So I think that, once again, this is -- this is important; a new effort, because we have not ratified anything like this in a while. But I think that certainly we're very anxious to engage the Senate and get their advice and consent for ratification.
STAFF: Go ahead.
Q Thanks. General, in an October 2008 speech, Secretary Gates said there's -- quote, "There's absolutely no way we can maintain a credible deterrent and reduce the number of weapons in our stockpile without either --" without either testing -- resorting to testing our stockpile, or pursuing a modernization program. So this report says there will be no new testing -- no testing. What's changed here? Why is it okay not to test now? And can we maintain an effective deterrent without now testing?
GEN. CARTWRIGHT: Well, I always agree with my boss, but -- (laughter) -- you know, the context here is one of that for the foreseeable future both -- there are numerous people in the government that every year certify that the stockpile in fact is safe, secure, and that the test -- no requirement for additional testing.
And we continue to certify that. But we also continue to caveat that with what -- we don't know what five years from now might bring.
And this was in the context of there is always the potential, and nobody has ever removed from the commander or anyone else in that chain the ability to stand up and say, "I'm uncomfortable; I believe that we're going to have to test, or I believe that we're going to have to build something new." That's not been removed here.
What has been done, though, is to say, in the realities of what we know today, we see no requirement for any additional testing; and we feel very comfortable staying in an environment and in a protocol of not doing nuclear testing as it's described, or as it's defined; and that we see no need for additional nuclear weapons of a new type, either in capability or in capacity.
So this is a reflection of where we are now, looking forward, versus a reflection of -- I always have the responsibility as a commander to come in and stand up and say if I feel like there's any reason in that protocol that I must say that for some reason a particular weapon isn't going to make it and just refurbishing it or doing reuse or replacement is going to be insufficient. And all of the commanders will always have that ability.
Q So there's no scientific need to test what you have now, to make sure it's effective?
GEN. CARTWRIGHT: That's correct.
MR. MILLER: As we transition to the next question, I just want to add that Secretary Gates said explicitly that he sees the investment program that we put forward to Congress as a credible modernization plan to deal with -- to deal with these issues.
Q I don't completely understand the replacement category and -- a design that's not in the stockpile, I think was said. Is that a -- is that a new nuclear weapon?
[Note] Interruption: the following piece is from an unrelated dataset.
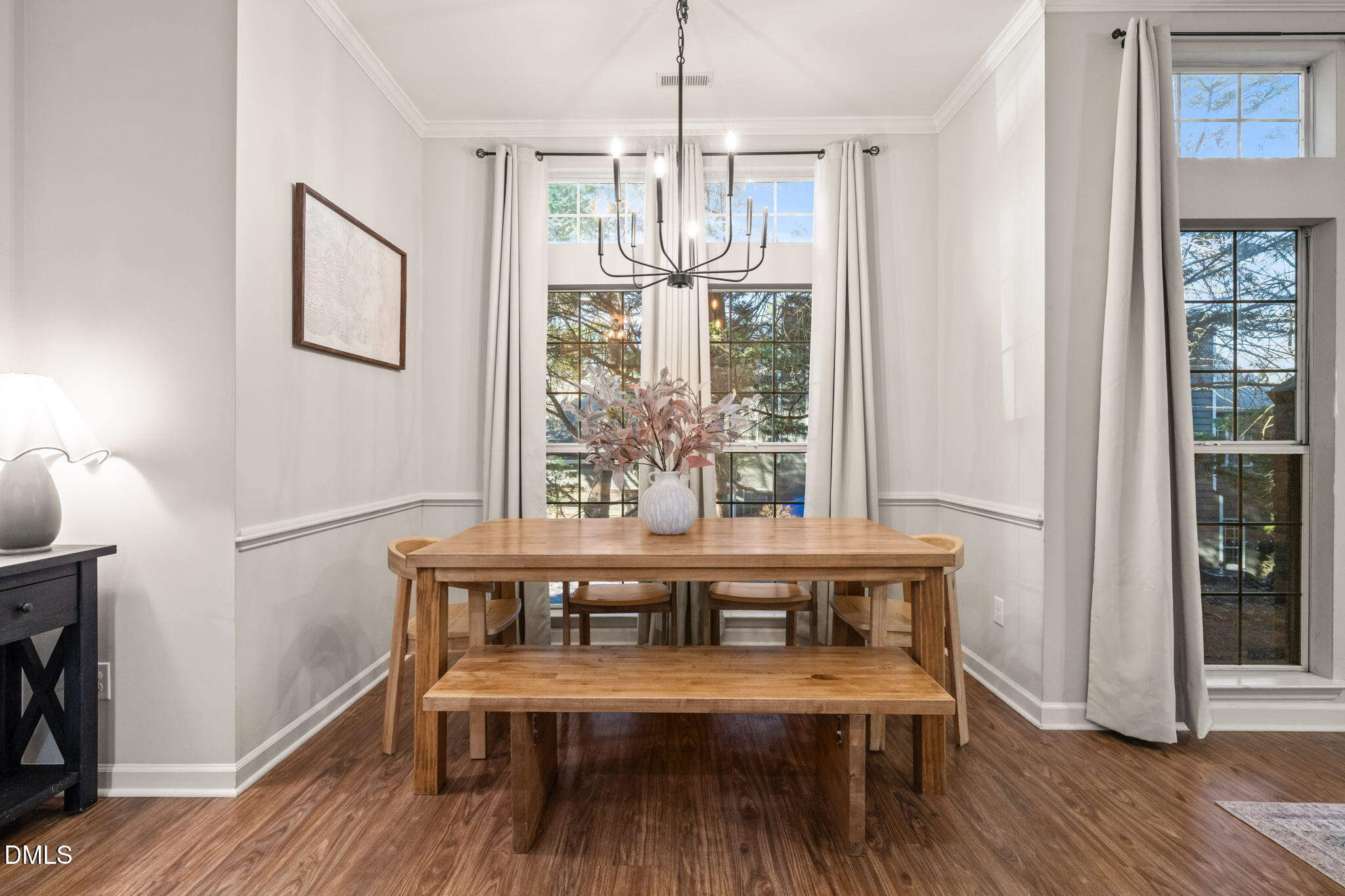 4601 Pine Trace Drive Raleigh, NC 27613 - Photo 7 of 38 a view of a room with furniture window and wooden floor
And also, when -- one of the arguments for the Reliable Replacement Warhead was that we need to keep our sort of nuclear experts -- we need to give opportunity to design a new weapon. Is this the kind of activity that keeps our scientists fresh -- for lack of a better way?
MR. D'AGOSTINO: Certainly. Replacement category I think was your question. General Cartwright described the definition that we have, which is a design that uses nuclear components; designs that have not been in the stockpile, but that we've tested before.
The United States over a period of many years, as you know, has conducted many, many hundreds of nuclear tests. Most of those or a good number of those designs are not in the stockpile, have never been in the stockpile. But we learned something from those. And the idea is, what did we learn?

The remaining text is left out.